### [About this exercise]
Can you write out the whole listing exactly?

### [Data extract]
┌────────

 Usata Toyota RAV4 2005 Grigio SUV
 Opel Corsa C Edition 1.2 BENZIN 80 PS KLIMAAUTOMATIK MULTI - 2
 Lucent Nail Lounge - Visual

└────────

### [Result for this task]
 Usata Toyota RAV4 2005 Grigio SUV
 Opel Corsa C Edition 1.2 BENZIN 80 PS KLIMAAUTOMATIK MULTI - 2
 Lucent Nail Lounge - Visual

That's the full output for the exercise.